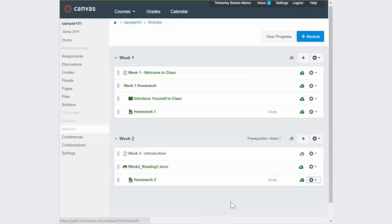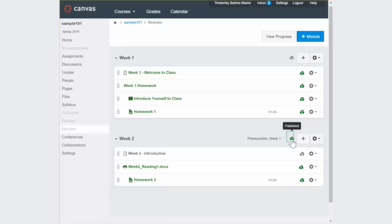While you're developing your module, your content will remain hidden from the student view until you're ready to release it. Publishing content is controlled both at the module level and at the individual content level, so you have a lot of control over what your students see and when they see it.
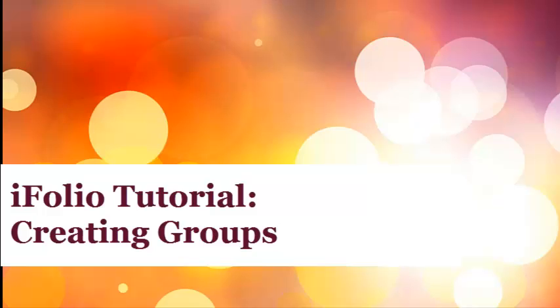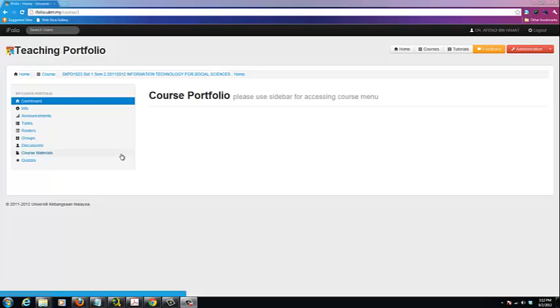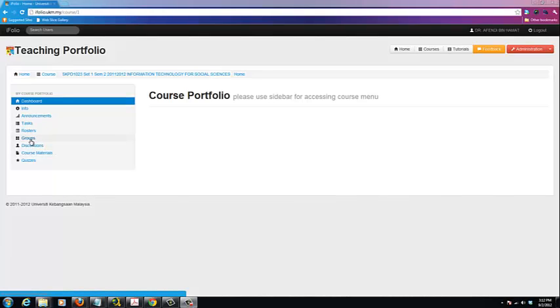Hello and welcome to the iFolio tutorial series. In this tutorial, you will learn how to create a new group in iFolio.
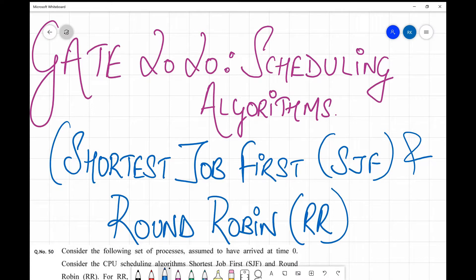Hello friends, welcome back to my channel. Today we are going to cover a question from a very scoring topic — a very simple and scoring one from the subject of Operating Systems on scheduling algorithms. We've already covered all the basics like Shortest Job First and Round Robin in earlier videos, which you can find in the OS playlist. In this session we take up an interesting question from GATE 2020 and solve it in the simplest, quickest way possible.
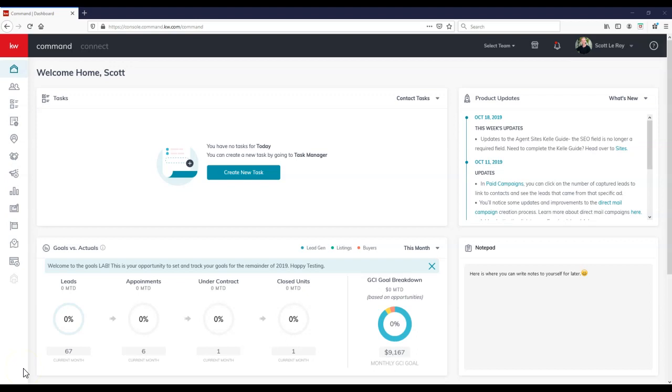Hey guys, this is Scott LaRoy, Scott LaRoy Marketing, coming in for the weekly update. And today's update is on the new KW IDX pages.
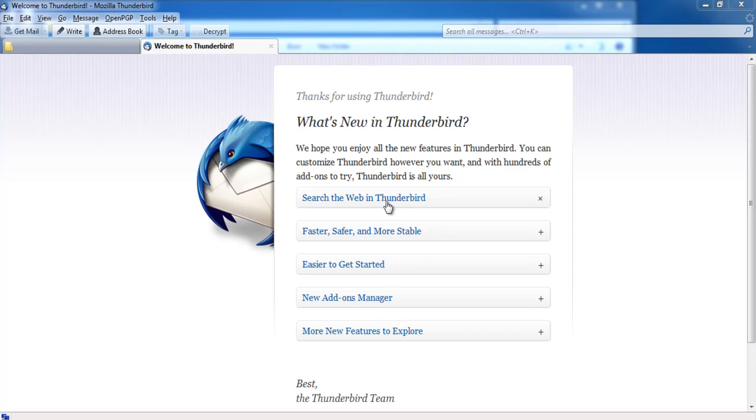In this video, you will learn how to encrypt your emails. In this tutorial, we will use Mozilla's email program Thunderbird along with the Enigma extension.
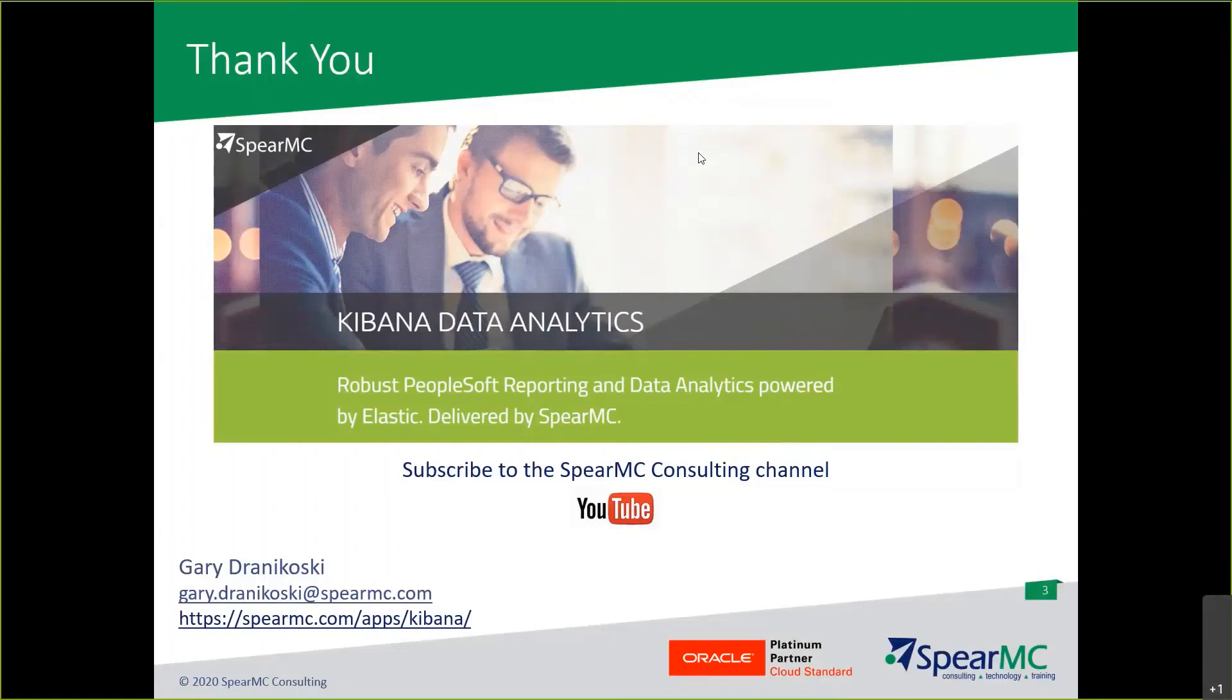In closing, data visualizations should be easy to interpret, relevant to the audience, and actionable. I encourage you to visit our website as future videos in this series are coming soon.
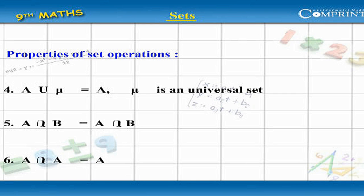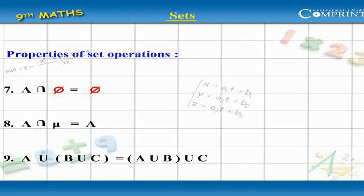A intersection B equal to B intersection A. A intersection A equal to A. A intersection Pi equal to Pi. A intersection Mu equal to A.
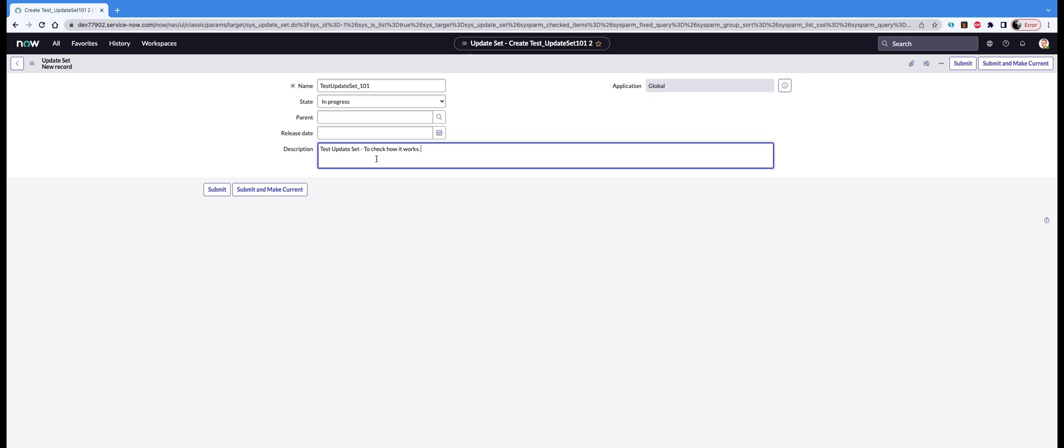Then there are two options: Submit and Submit and Make Current. When you submit, it will create a new update set and keep it in progress, but Submit and Make Current will make this update set current. That means any changes after that will be captured in the update set. So Submit and Make Current is the button you need to click to make sure the update set gets created and it's ready for you to put in the configuration changes that you wish to.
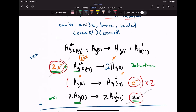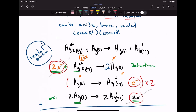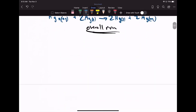This would be considered a neutral solution — no hydroxide, no hydrogen protons floating around.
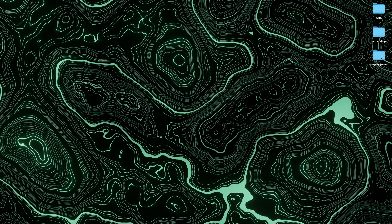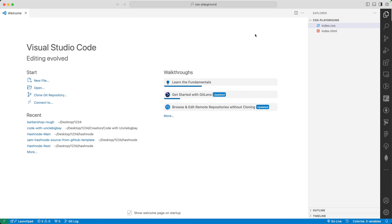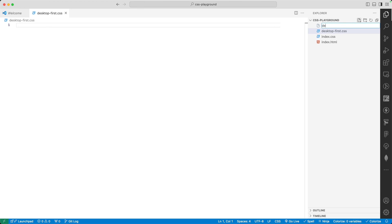The first thing we need to do is to open up our CSS playground, or if you don't have a CSS playground folder you can create a new folder and follow along. Open your CSS playground in VS Code — on Mac you can right-click, go to Quick Actions, and open in VS Code, or drag and drop the folder. On Windows you'll see an 'Open With' option. Once VS Code is open, create a desktop-first CSS file and a desktop-first HTML file.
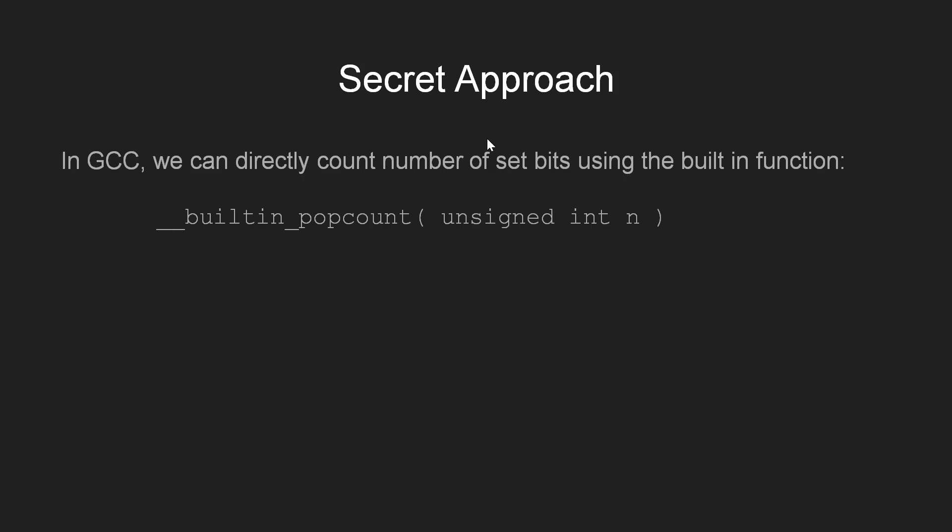So that's all for now, I hope you have understood all the ways in which we can count the number of set bits in an integer. Thanks for watching, please leave us your comments.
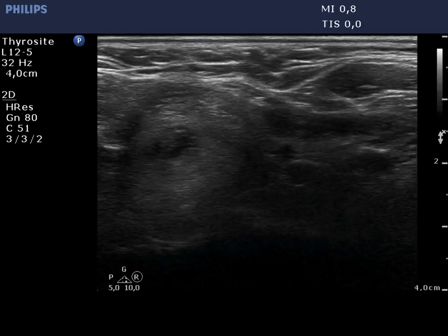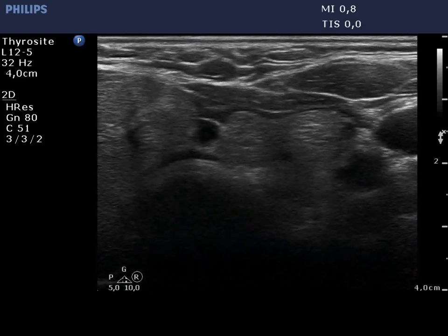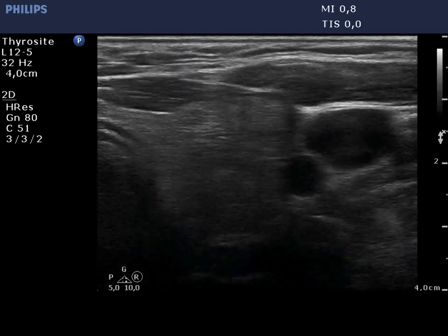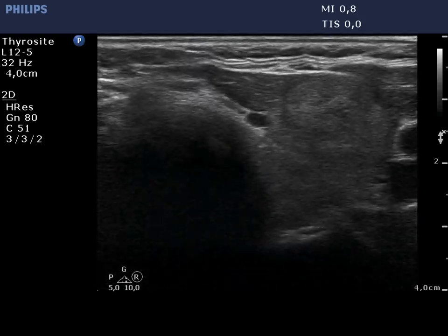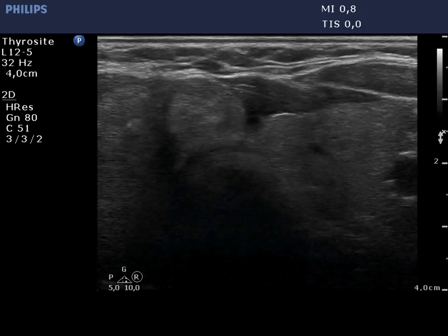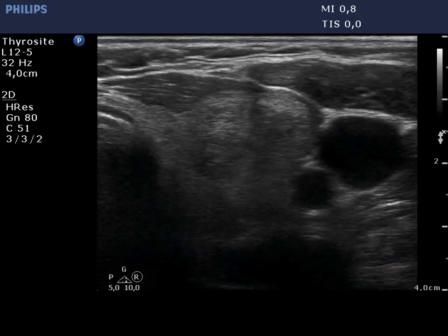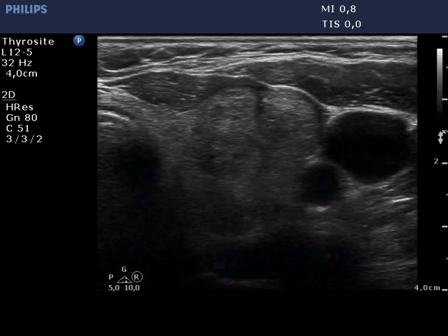The left lobe has a similar appearance. In the pseudonodular form of Hashimoto's thyroiditis, the thyroid is usually enlarged. In pseudonodular pattern, almost the entire thyroid is involved, while in multinodular goiters, a relatively great proportion of the thyroid is non-nodular.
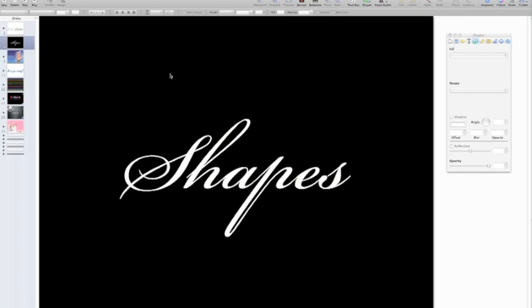Hello everybody and welcome to another episode of the Creative Collection with Kathleen Richardson. Today we're going to be learning about shapes. I want to send out a special thank you to two of my very best friends, Dr. Larry Anderson and Carol Ann McGuire — two of my biggest supporters. Thank you for always being there for me and letting people know about my videos here on YouTube.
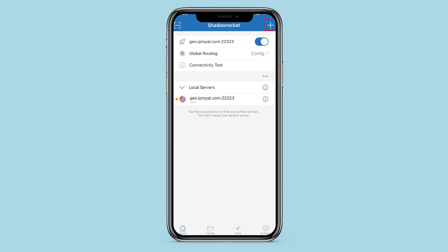If your IP and geolocation appears below, then the proxy is working and you can use it in the Shadow Rocket application. Now you can work using the specified proxy.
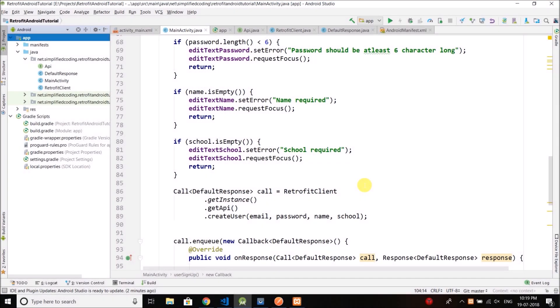Hi everyone, this is Belal Khan and you are watching Simplified Coding. So in the last video we have done with the user registration screen. Now we will code the user login screen.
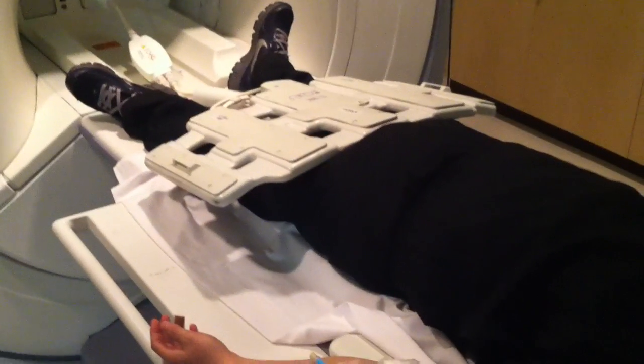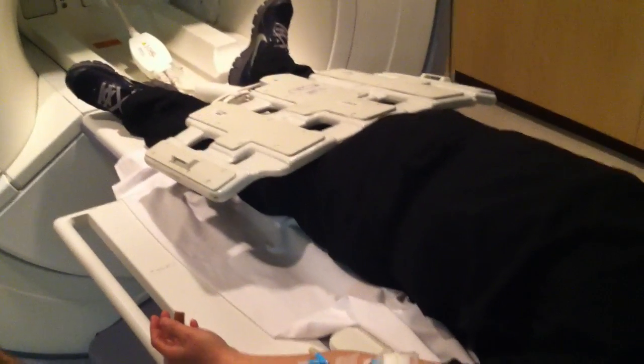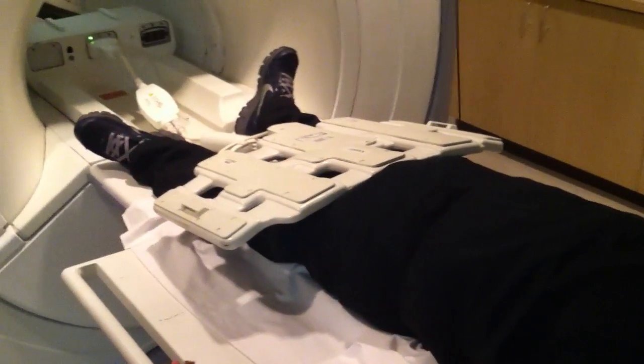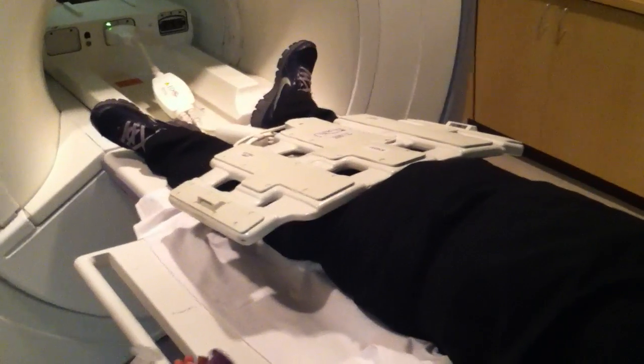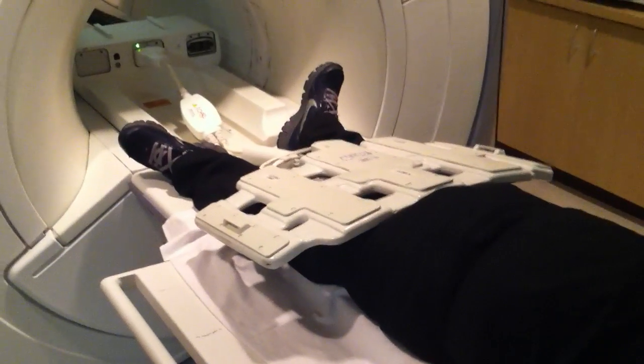Okay, this is how to do an MRI of the liver, otherwise known as a multi-phase liver. This video is going to teach you how to set it up and scan.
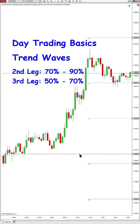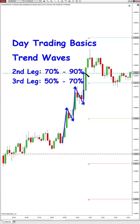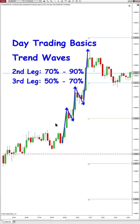Here's an example. We have the first leg up here and then a pull back, the second leg up here and then a pull back, and then the third leg up. We don't have a fourth leg up. The trend is very strong because we have three legs, and in each leg we have very big bull bars — consecutive bull bars throughout.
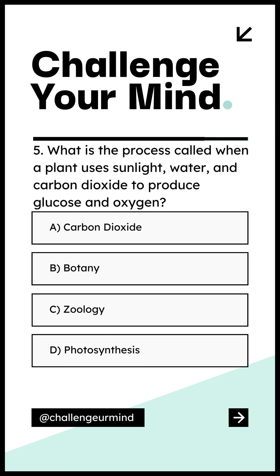Number 5. What is the process called when a plant uses sunlight, water, and carbon dioxide to produce glucose and oxygen? Letter A: Carbon Dioxide. Letter B: Botany. Letter C: Zoology. Letter D: Photosynthesis.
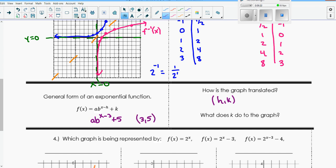Meaning that if this was a times b to the x minus 3, plus 5, this would be translated right 3, up 5. What does k do to the graph? The k value moves every point, but more importantly, it moves the asymptote. So it moves the asymptote either up or down for exponential functions. Tomorrow we'll talk about how it moves left or right since it's a vertical graph. If k is positive, it moves our graph up; if negative, it moves our graph down.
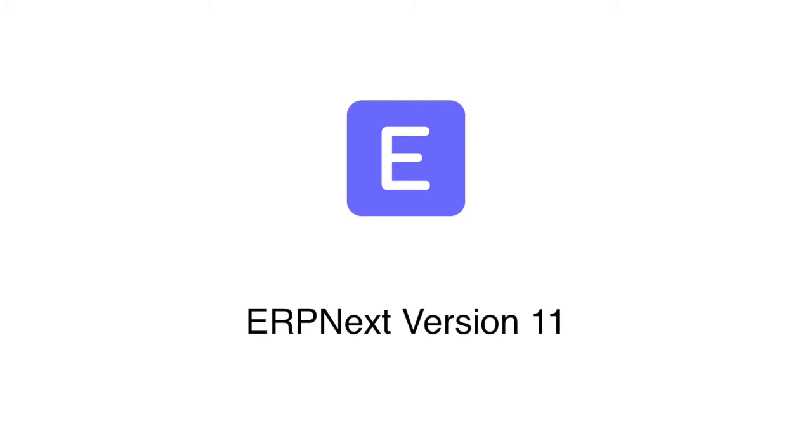Hi, welcome to ERPNext. In this webinar we will cover the new features which are added in ERPNext version 11.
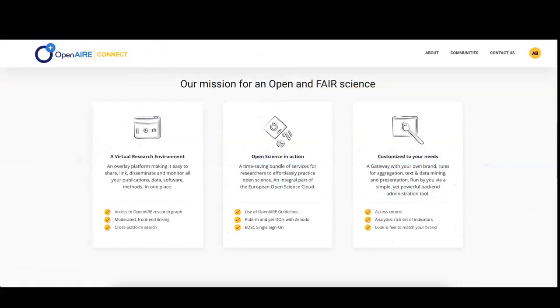Hi and welcome to the tutorial series on how to configure your Connect gateway. As you know, one of the strengths of your gateway is that it gets updated every time OpenAIRE publishes a new version of the OpenAIRE Research Graph for its portals.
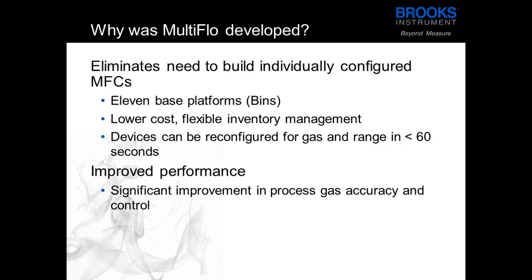MultiFlo was developed to eliminate the need to build individually configured MFCs. The GF series comes with 11 base sizes which we call bin sizes and each of those can be reconfigured for a range of gases and flow rates in less than 60 seconds.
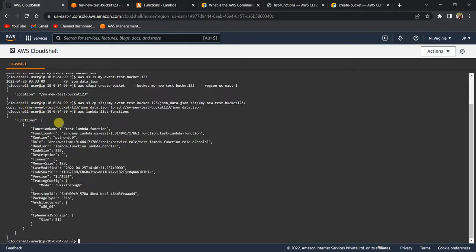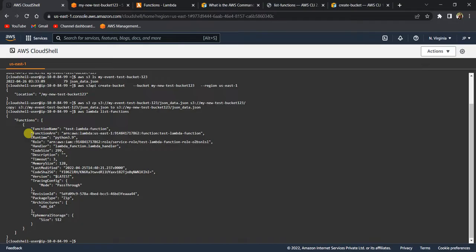Let's run the list-functions command. It listed the Lambda function — the function name is 'test-lambda-function' — and it reflects all the details related to the function. That's how you use AWS Lambda CLI commands.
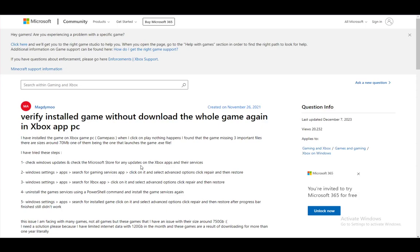Hey everybody, what is going on? I hope you guys are all doing well and welcome to another tutorial video. In this video I'll be going over how you can verify your game files through the Microsoft Store. So let's get right into it.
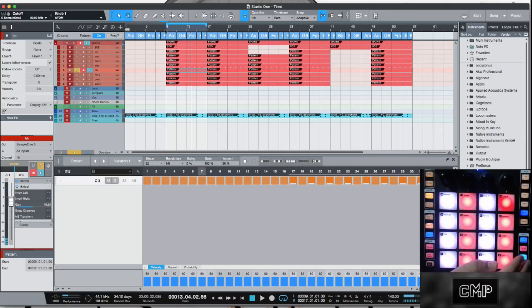So you hear on the left side of the pattern — hits one through 16 — it's just a straight tick tick tick tick tick tick. And when you listen to it from 17 to 32, you can hear more of that bounce. It's more of a tick-TICK-tick-TICK — you can really hear that dynamic difference.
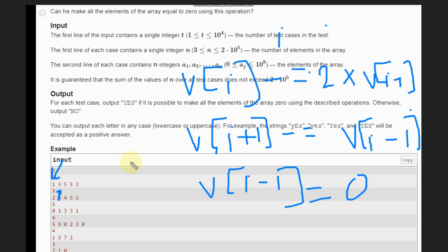If we are not able to make an element 0 — suppose 2 times B[i+1] is greater than the current element — then obviously we can't make it 0. That's what we need to check.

* _WHAT YOU SHOULD DO_
Leave out any pictures, please, and quote only the lines from the top of the data through the line that contains "Hey guys, this".

* _FINAL ANSWER_
While you're developing your module, your content will remain hidden from the student view until you're ready to release it. Publishing content is controlled both at the module level and at the individual content level, so you have a lot of control over what your students see and when they see it.
Hello and welcome to the iFolio tutorial series. In this tutorial, you will learn how to create a new group in iFolio.
Hello friends, welcome back to my channel. Today we are going to cover a question from a very scoring topic — a very simple and scoring one from the subject of Operating Systems on scheduling algorithms. We've already covered all the basics like Shortest Job First and Round Robin in earlier videos, which you can find in the OS playlist. In this session we take up an interesting question from GATE 2020 and solve it in the simplest, quickest way possible.
Hey guys, this is Scott LaRoy, Scott LaRoy Marketing, coming in for the weekly update. And today's update is on the new KW IDX pages.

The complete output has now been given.